Captioned web image data:
--------------------------------

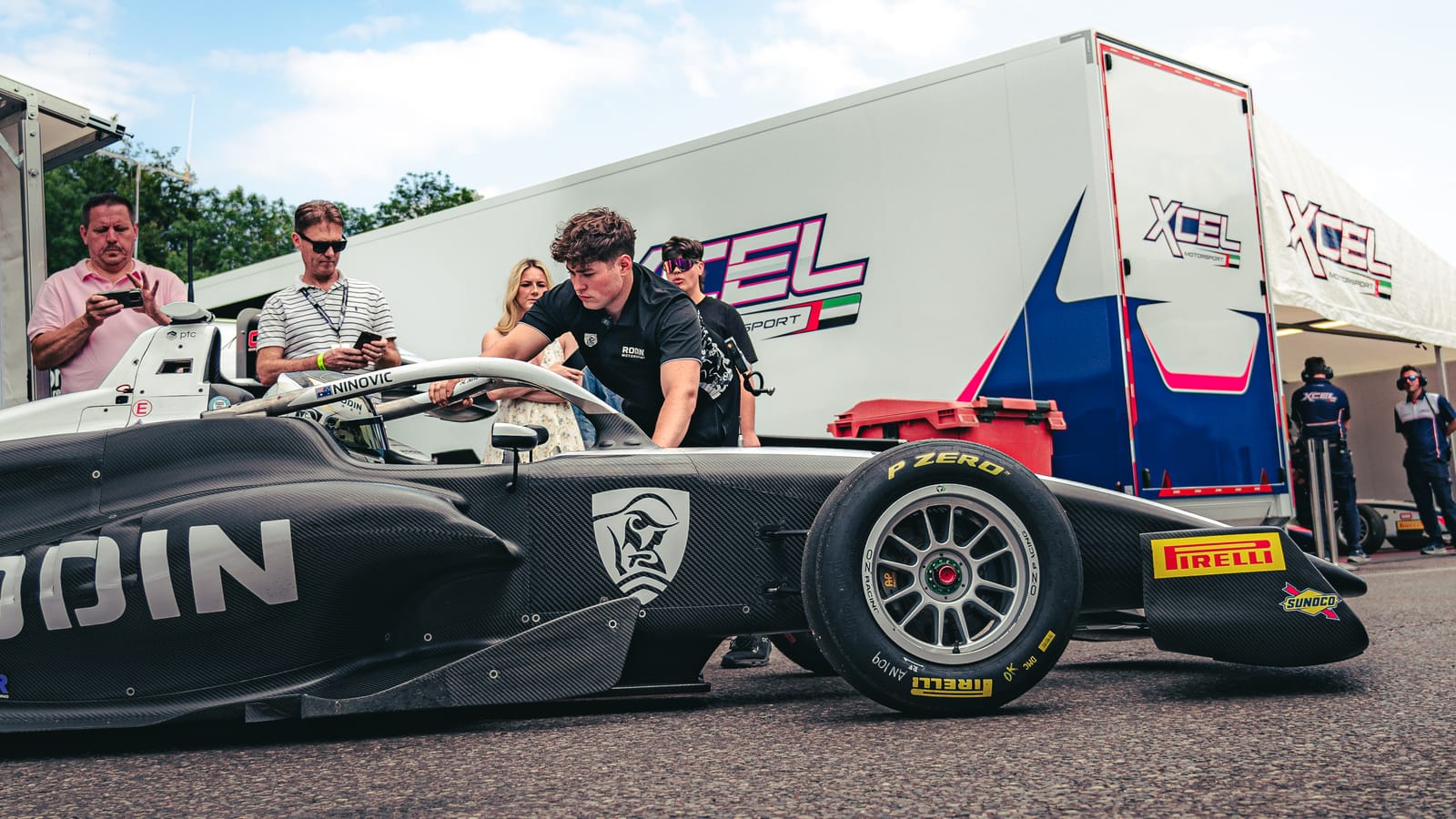 Rodin Motorsport Mastery at Brands Hatch as Ninovic Dominates GB3 Weekend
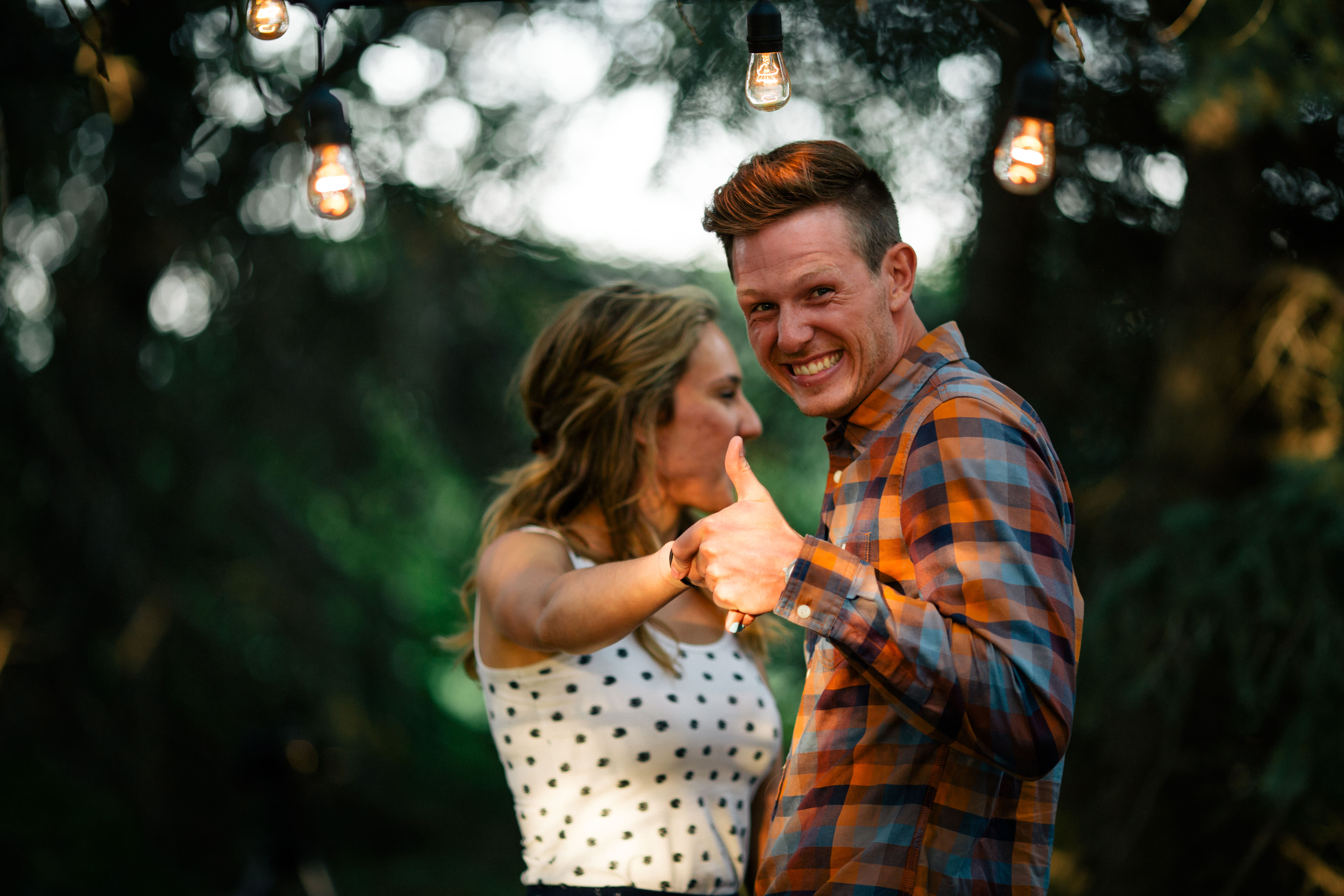 Kara and Brad's engagment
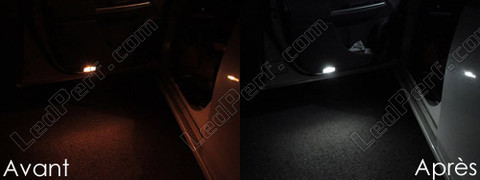 LED próg drzwi Toyota Prius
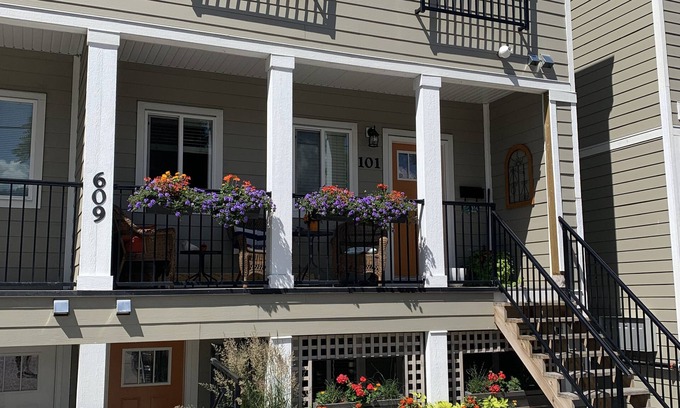 Okanagan-Similkameen Apartamento | Centro de Penticton (a menos de 12 minutos a pie de playa / restaurantes / bares / tiendas)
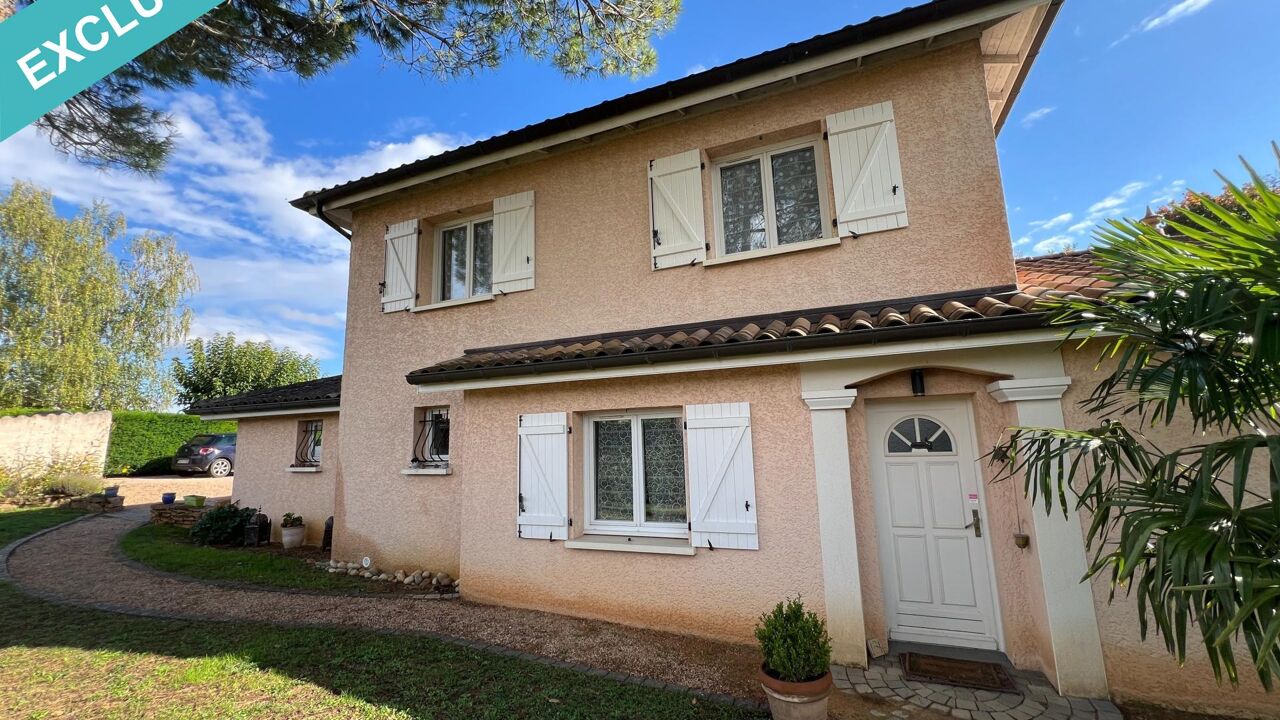 maison 7 pièces 160 m2 à vendre à Charentay (69220)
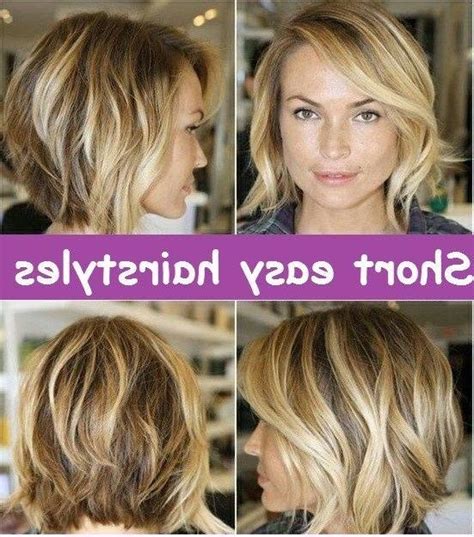 20 Best Easy Care Short Haircuts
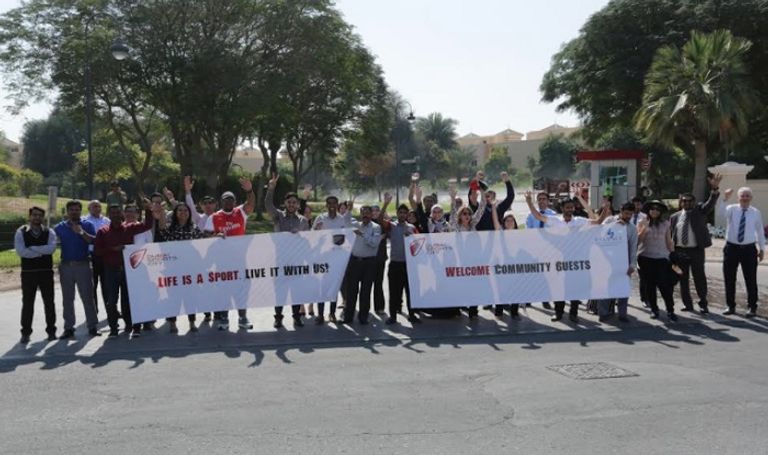 متابعة جماهيرية لطواف دبي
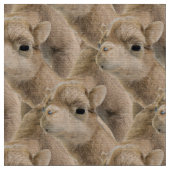 Schattige Schattigee Baby Camel Pattern Fabric - A Stof (Close Up)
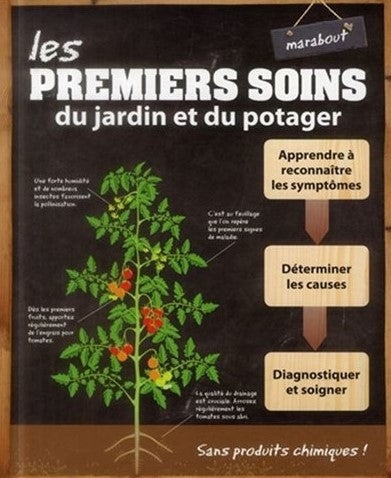 Livre Les premiers soins du jardin et du potager - Jo Whittingham (Livre neuf) - ISBN 2501090020
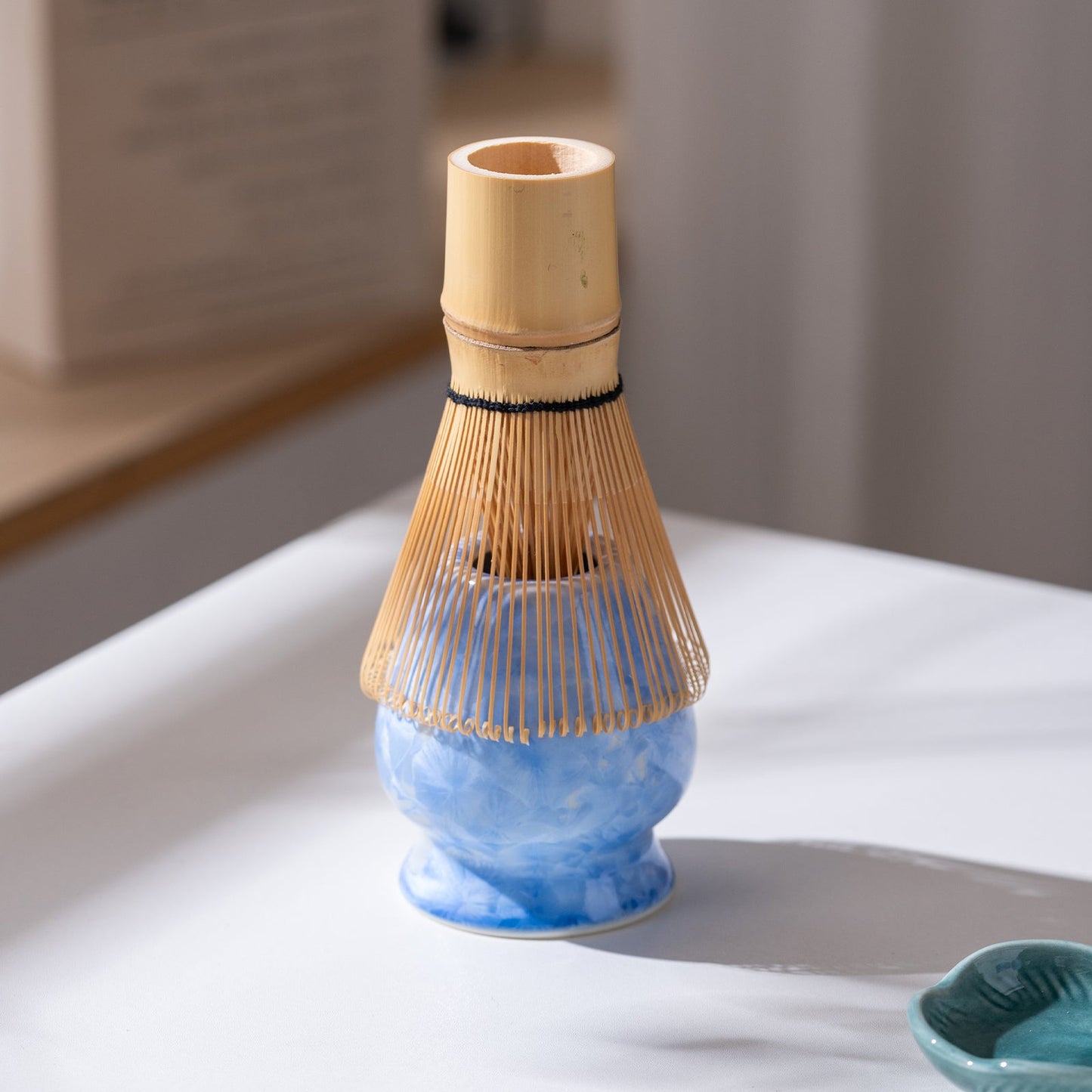 Set Matcha 550ml Bol Verre Élégant Japonais Zen
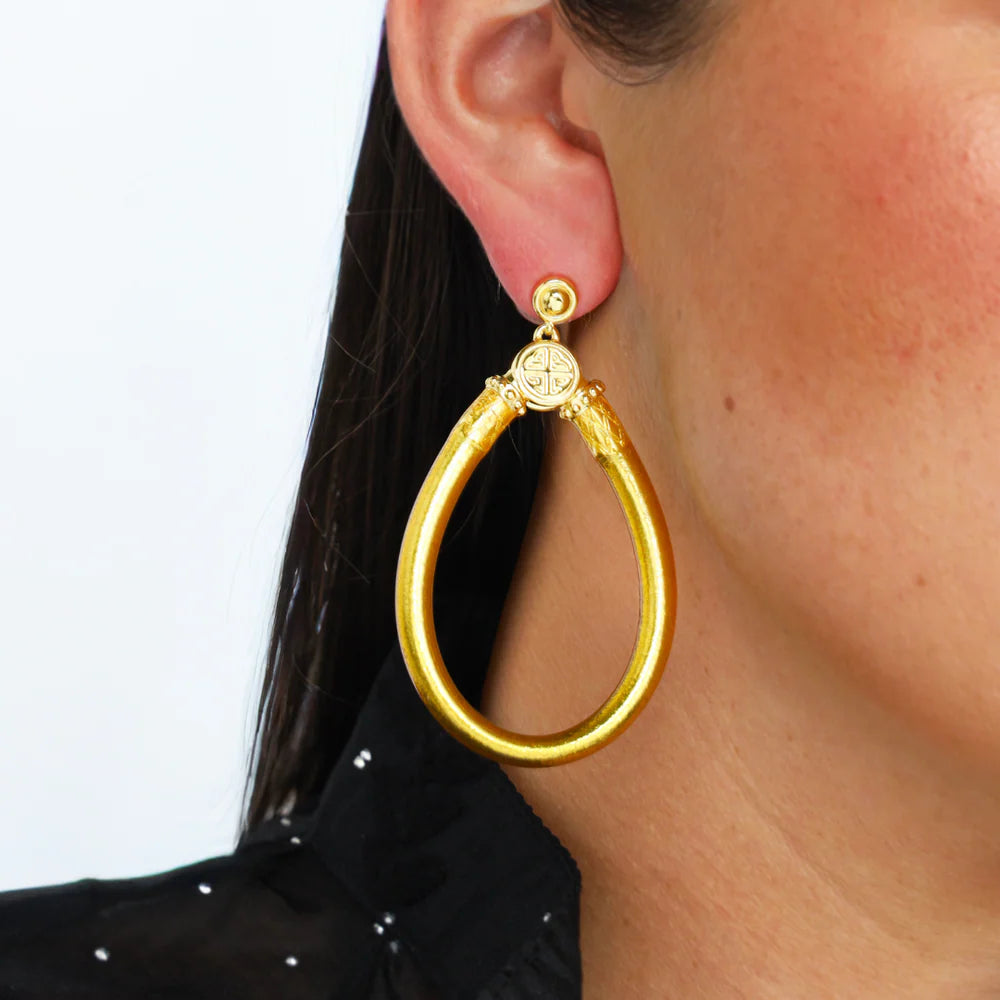 ALL WEATHER EARRINGS - GOLD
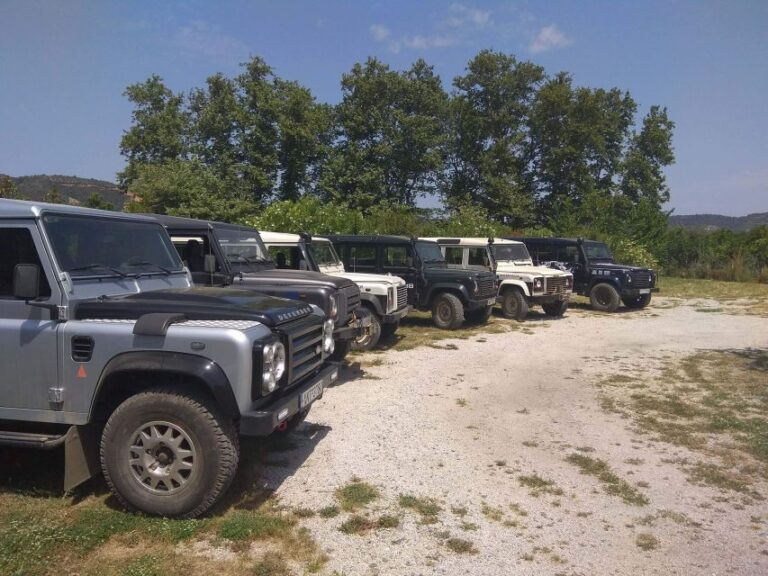 From Chania: White Mountains Land Rover Safari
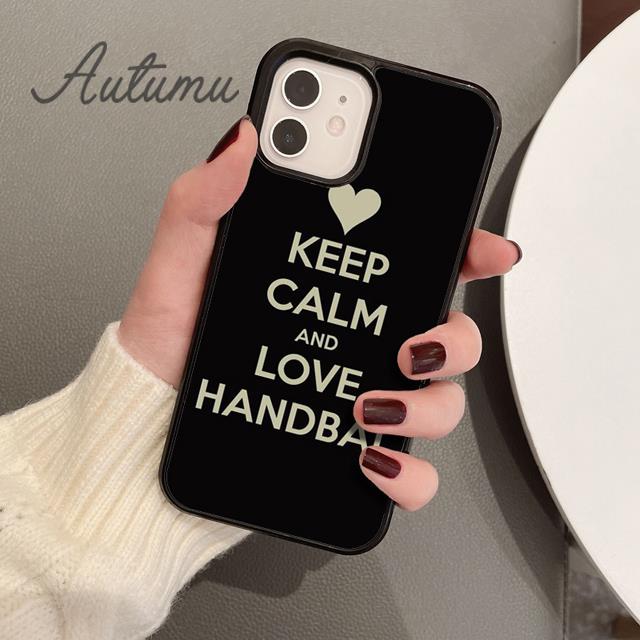 Чехол для телефона Handbal Sport для iPhone 17 Air 15 16 16e 11 12 13 14 Pro Max Plus Cover coque Fundas Shell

--------------------------------

PROBLEM DETAILS. Each entry should appear again exactly as written, pictures excluded.

EXERCISE SOLUTION.
 Rodin Motorsport Mastery at Brands Hatch as Ninovic Dominates GB3 Weekend
 Kara and Brad's engagment
 LED próg drzwi Toyota Prius
 Okanagan-Similkameen Apartamento | Centro de Penticton (a menos de 12 minutos a pie de playa / restaurantes / bares / tiendas)
 maison 7 pièces 160 m2 à vendre à Charentay (69220)
 20 Best Easy Care Short Haircuts
 متابعة جماهيرية لطواف دبي
 Schattige Schattigee Baby Camel Pattern Fabric - A Stof (Close Up)
 Livre Les premiers soins du jardin et du potager - Jo Whittingham (Livre neuf) - ISBN 2501090020
 Set Matcha 550ml Bol Verre Élégant Japonais Zen
 ALL WEATHER EARRINGS - GOLD
 From Chania: White Mountains Land Rover Safari
 Чехол для телефона Handbal Sport для iPhone 17 Air 15 16 16e 11 12 13 14 Pro Max Plus Cover coque Fundas Shell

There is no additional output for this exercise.